===== GIVEN INFORMATION

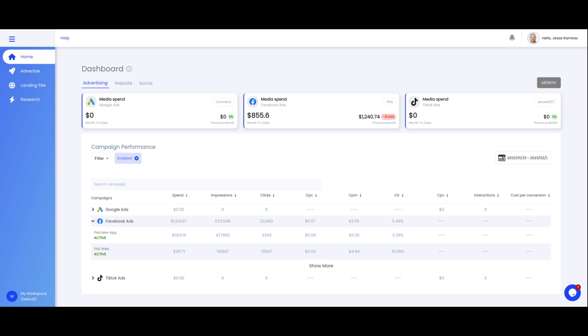We currently have Google Ads, Facebook Ads, and TikTok ads on here. So if you'd like to see an overview of your whole account, you would connect your account here and then you would see your information down here. You see all the metrics of all the campaigns.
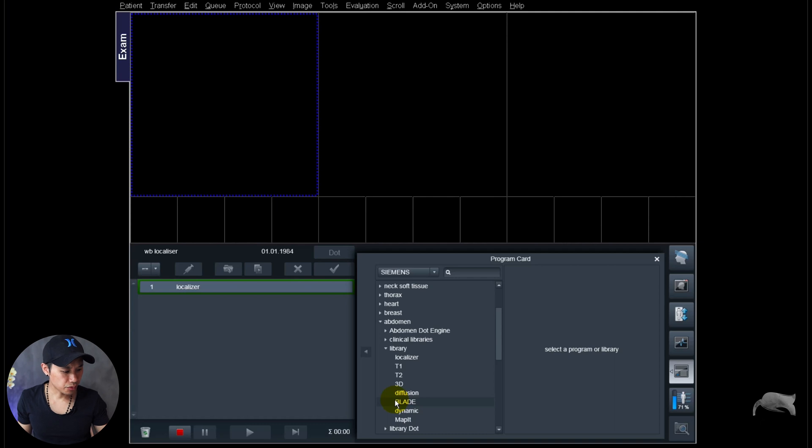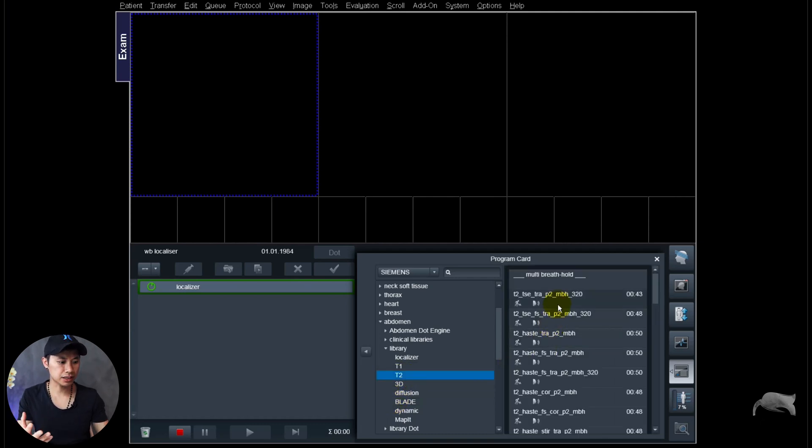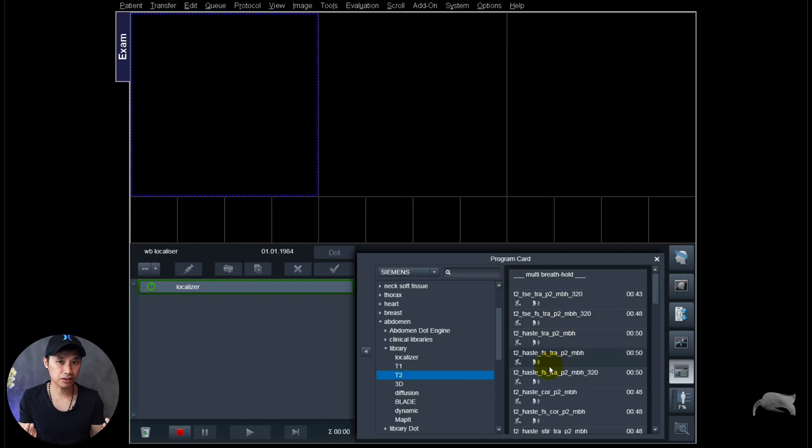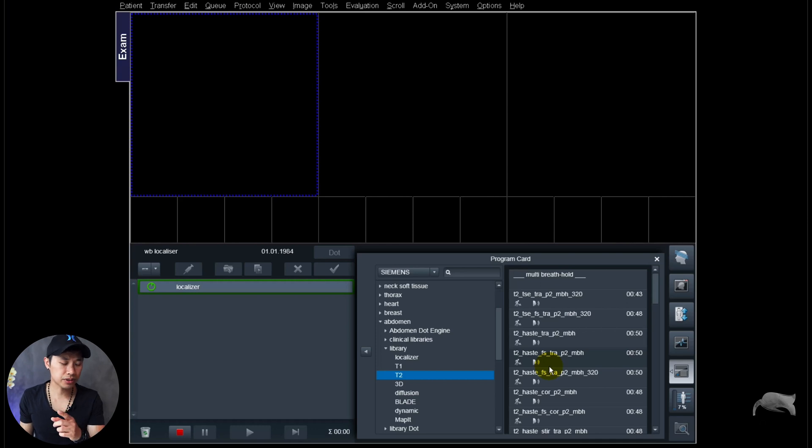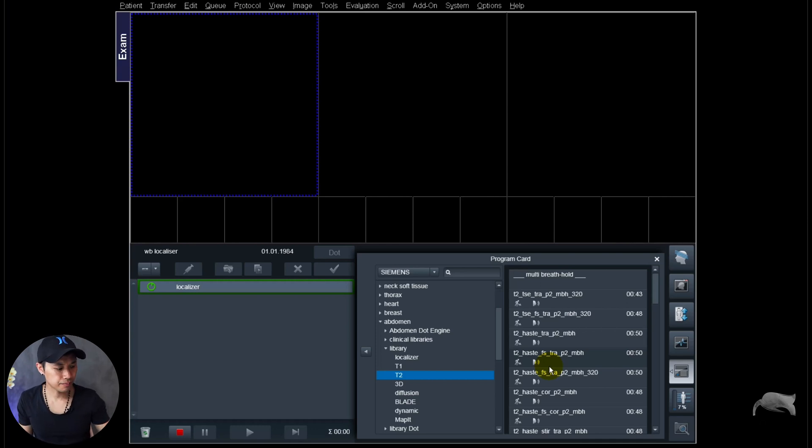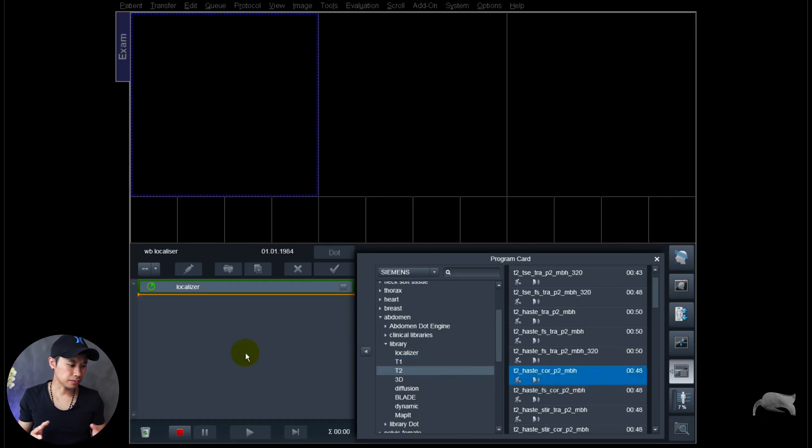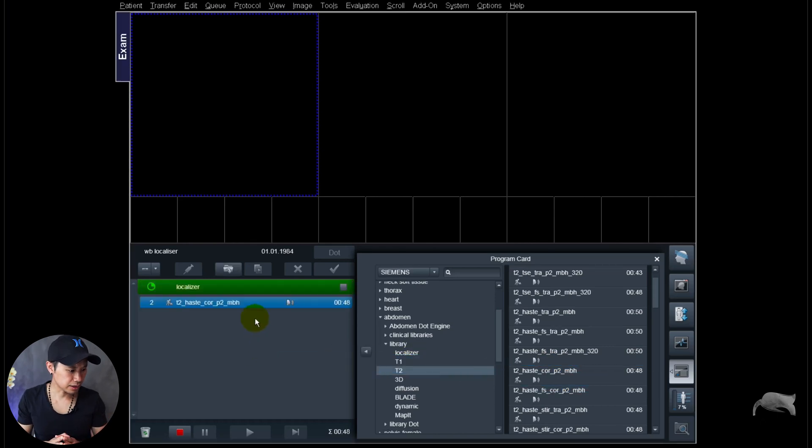And then I will go to abdominal protocol and go for a T2 HASTE because I want to use HASTE as a localizer. I find this fast and efficient and also gives me a good contrast so I can get a good overview. Also remember that a good localizer is always important.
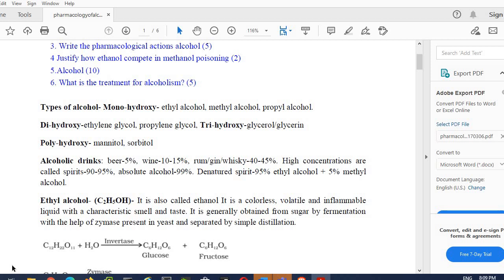Coming to how actually alcohol is prepared: ethyl alcohol that is C2H5OH, it is also called ethanol. It is a colorless, volatile, and inflammable liquid which has a characteristic smell and taste. It is a colorless, volatile substance.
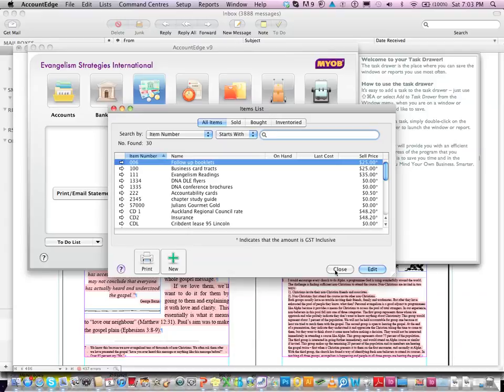And then you close. And then here it is, here's the chapter study guide there. Look, you can see it in there. Two, three, four, five. It's chapter study guide. And we haven't put a price in yet, so you'll have to just go in there and edit that.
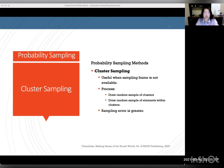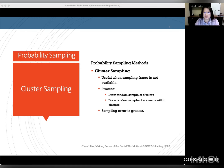So what is a cluster? A cluster is a naturally occurring mixed aggregate of elements of the population. Within each cluster, you want to make sure it has a lot of diversity of the population, so that each cluster very closely represents the population.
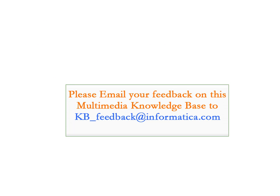If you have any feedback on this Multimedia Knowledge Base, please email your comments to kb-feedback at informatica.com. Thank you.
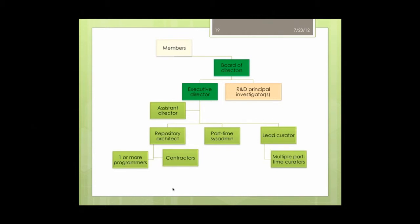Here's a look at Dryad staffing — this is forward-looking, not current. We don't have all these positions filled or funded at the current time, but this represents the size of organization we'll need. We currently have about five FTE when you add up all the part-time bits, and once we fill out this org chart, we'll have around seven FTE.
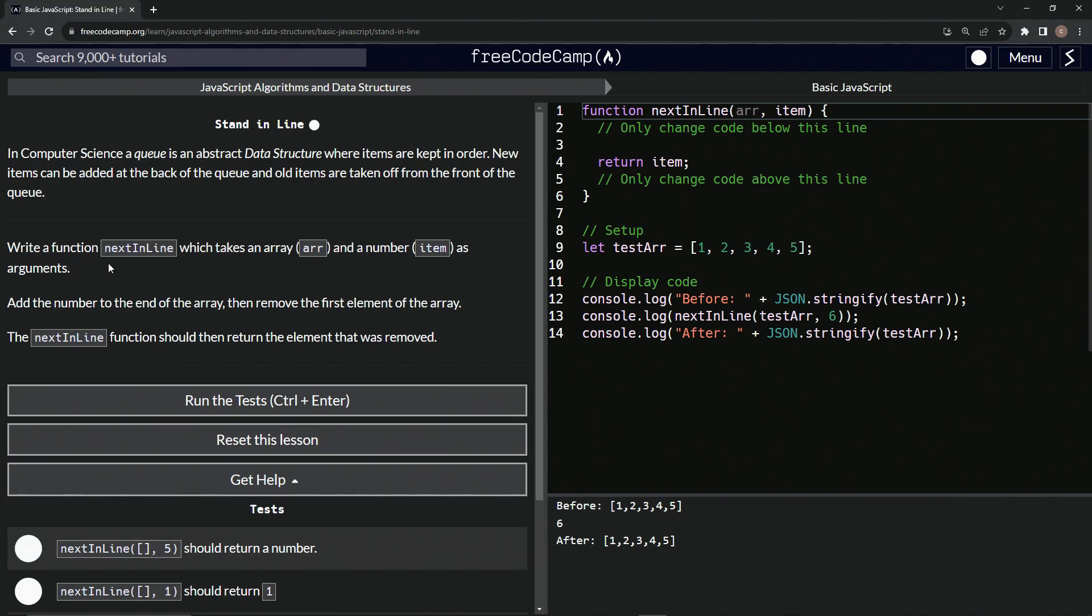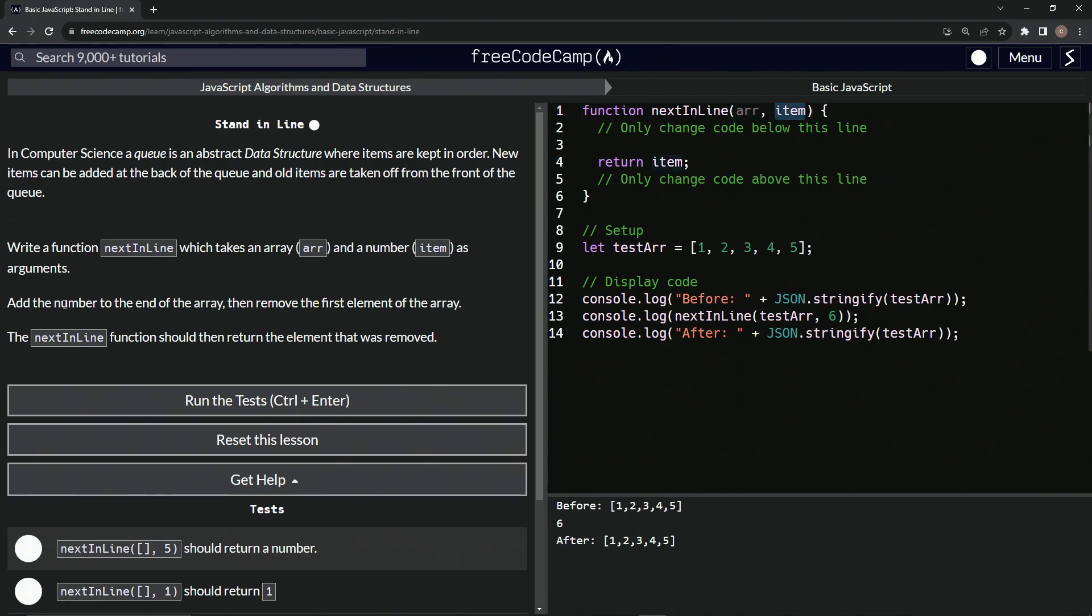We're going to write a function next in line, which takes an array R and a number items as arguments. So we're going to have R here and items here. We're going to add the number to the end of the array. So whatever items is. And then we're going to also remove the first element of the array. So we're going to do a shift on this one.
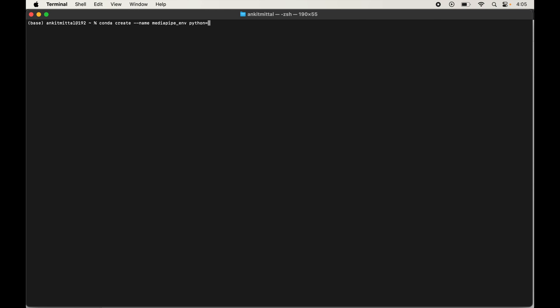Now we specify the Python version to install in the new environment — this is an important part. Type python=3.12. Make sure you are not using the latest version, which is 3.13, because MediaPipe is not supported on Python 3.13 as of now.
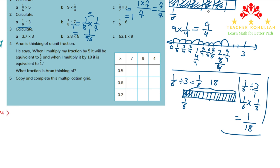For part c I use the same method. One-fifth divided by six: the division changes to multiplication and we invert six over one to get one-sixth. One times one is one and five times six is thirty. So the answer is one-thirtieth.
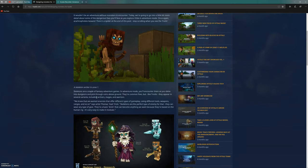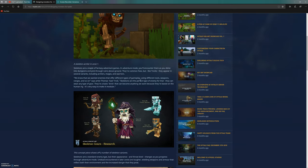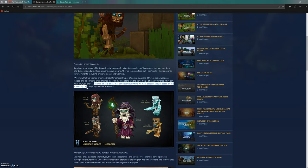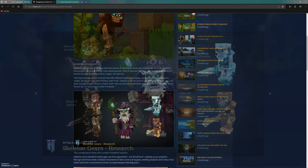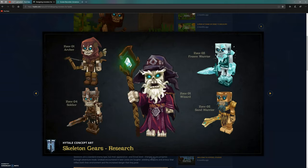It says there are going to be archers, mages or wizards, and warriors. They're the basic brick that can become anything because they're based on the human rig, making them very modular. These guys are the same hitbox and shape as humans, they just look different. We've got the zone one archer again.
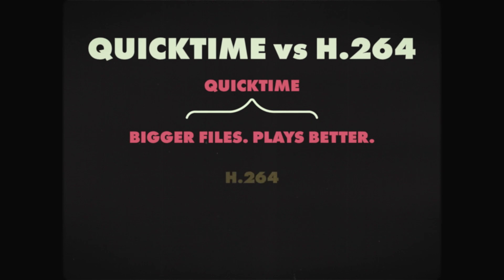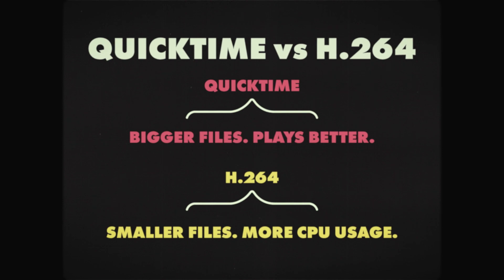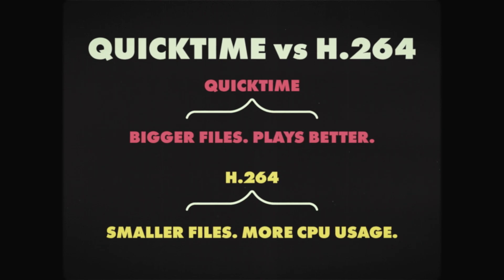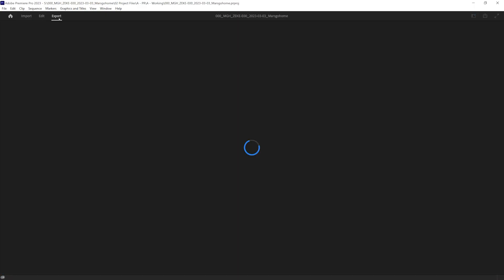QuickTime gives us bigger files and it plays better than H.264. However, H.264 has smaller files, but it uses more CPU power due to how compressed they are, and the calculations that it needs to do to read that compression.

==========

_TASK OBJECTIVE_. Beginning at the line containing "For part c I", restate every line through the end of the material above exactly; omit the pictures.

_YOUR RESPONSE_.
For part c I use the same method. One-fifth divided by six: the division changes to multiplication and we invert six over one to get one-sixth. One times one is one and five times six is thirty. So the answer is one-thirtieth.
It says there are going to be archers, mages or wizards, and warriors. They're the basic brick that can become anything because they're based on the human rig, making them very modular. These guys are the same hitbox and shape as humans, they just look different. We've got the zone one archer again.
QuickTime gives us bigger files and it plays better than H.264. However, H.264 has smaller files, but it uses more CPU power due to how compressed they are, and the calculations that it needs to do to read that compression.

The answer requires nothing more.